# Bonnie Malmstrom



## clfsean (Mar 14, 2007)

I posted this in the Ninjutsu section & sorry for the cross post, but Bonnie Malmstrom has passed away.

Anybody involved in the Bujinkan world should have at least had a chance to revel in her full of life spirit at least once. I had the utmost pleasure of being around her & Bud for 4 years (give or take) and being her tenent in their old house in Tucker for a year.

If you never did have a chance, you've unfortunately missed a splendid opportunity to see life lived as richly as anybody could ever hope live. 

Send your prayers & good thoughts to Bud. I know he'll appreciate them.


----------



## Tames D (Mar 14, 2007)

.


----------



## MJS (Mar 14, 2007)

.:asian:


----------



## Bigshadow (Mar 14, 2007)

I have heard of Bonnie but have met neither her or Bud.  My condolences to Bud and family. :asian:


----------



## Brian R. VanCise (Mar 14, 2007)

My heart and well wishes go out to the Malstrom family!

:asian:


----------



## shesulsa (Mar 14, 2007)

.


----------



## Kreth (Mar 14, 2007)

My condolences go out to Bud and the rest of the family. I remembering running into Bonnie at a trade show several years ago. We spent some time joking about how Bud had tossed me around like a rag doll at a seminar of his I had attended the weekend before.


----------



## Carol (Mar 14, 2007)

:asian:


----------



## arnisador (Mar 14, 2007)

.


----------



## jdinca (Mar 14, 2007)

.


----------



## Don Roley (Mar 15, 2007)

I met her. She would not have remembered me unless she had a great memory for who translated at any particular time. But I do remember her. She was very memorable with her life and her enthusiasm. I don't have a single memory of her without a smile on her face. Her voice was always cheery it seems. Of course, I am sure she had bad days.
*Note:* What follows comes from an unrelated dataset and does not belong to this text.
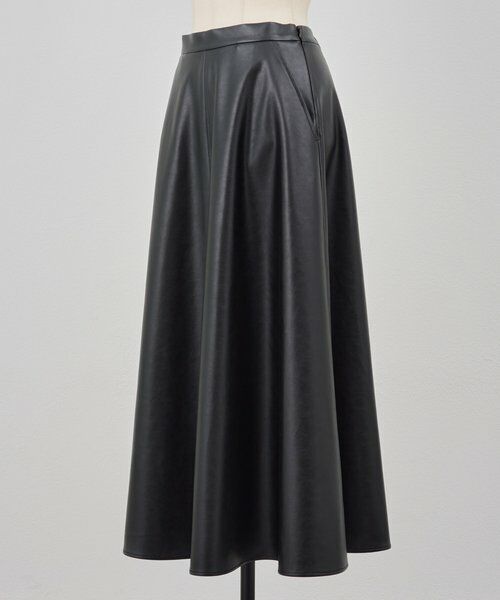 BEARDSLEY / ビアズリー ロング・マキシ丈スカート | フェイクレザーフレアスカート | 詳細25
But she never failed to lift the spirit of the room when I was around.

:asian:


----------



## terryl965 (Mar 15, 2007)

:asian:


----------



## Drac (Mar 15, 2007)

:asian:


----------



## rutherford (Mar 15, 2007)

:asian:


----------



## Jade Tigress (Mar 15, 2007)

.


----------



## 14 Kempo (Mar 15, 2007)

Condolences to the family


----------



## IcemanSK (Mar 19, 2007)

:asian:


----------



## donald (Mar 21, 2007)

My prayers go up for Mr.Malmstrom, and all those who are grieving...

1stJohn1:9


----------